» Aim of the exercise
Below are records; work out how many of their lines contain "Hotel" and give only that number.

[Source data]
★ ★ ★ ★ ★
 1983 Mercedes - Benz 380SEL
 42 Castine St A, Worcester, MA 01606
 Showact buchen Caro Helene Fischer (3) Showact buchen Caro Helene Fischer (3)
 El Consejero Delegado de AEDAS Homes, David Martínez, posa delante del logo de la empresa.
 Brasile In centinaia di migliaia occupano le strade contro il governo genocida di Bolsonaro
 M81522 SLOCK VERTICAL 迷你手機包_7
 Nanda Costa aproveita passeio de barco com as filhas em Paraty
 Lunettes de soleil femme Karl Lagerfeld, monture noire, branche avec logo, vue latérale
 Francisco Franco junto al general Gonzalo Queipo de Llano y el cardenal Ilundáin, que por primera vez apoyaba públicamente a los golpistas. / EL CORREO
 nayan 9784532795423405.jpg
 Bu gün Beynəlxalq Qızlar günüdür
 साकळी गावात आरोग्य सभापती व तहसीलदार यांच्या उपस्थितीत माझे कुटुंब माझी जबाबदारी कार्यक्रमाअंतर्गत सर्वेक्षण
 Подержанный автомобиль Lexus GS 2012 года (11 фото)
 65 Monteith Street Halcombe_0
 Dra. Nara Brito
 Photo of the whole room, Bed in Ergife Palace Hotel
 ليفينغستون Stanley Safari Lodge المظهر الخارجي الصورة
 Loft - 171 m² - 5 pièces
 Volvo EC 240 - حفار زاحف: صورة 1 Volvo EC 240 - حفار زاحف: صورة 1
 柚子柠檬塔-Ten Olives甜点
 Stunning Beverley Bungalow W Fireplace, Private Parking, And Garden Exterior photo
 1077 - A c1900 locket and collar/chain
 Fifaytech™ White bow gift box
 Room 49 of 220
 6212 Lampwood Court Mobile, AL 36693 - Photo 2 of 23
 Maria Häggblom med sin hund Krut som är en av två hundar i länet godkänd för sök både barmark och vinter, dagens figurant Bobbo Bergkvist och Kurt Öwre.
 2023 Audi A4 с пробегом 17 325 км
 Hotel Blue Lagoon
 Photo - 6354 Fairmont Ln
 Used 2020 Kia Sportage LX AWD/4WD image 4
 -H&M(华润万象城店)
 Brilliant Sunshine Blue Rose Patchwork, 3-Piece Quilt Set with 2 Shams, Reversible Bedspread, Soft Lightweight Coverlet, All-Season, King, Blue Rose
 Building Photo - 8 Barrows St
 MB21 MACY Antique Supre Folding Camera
★ ★ ★ ★ ★
» Result for this task
2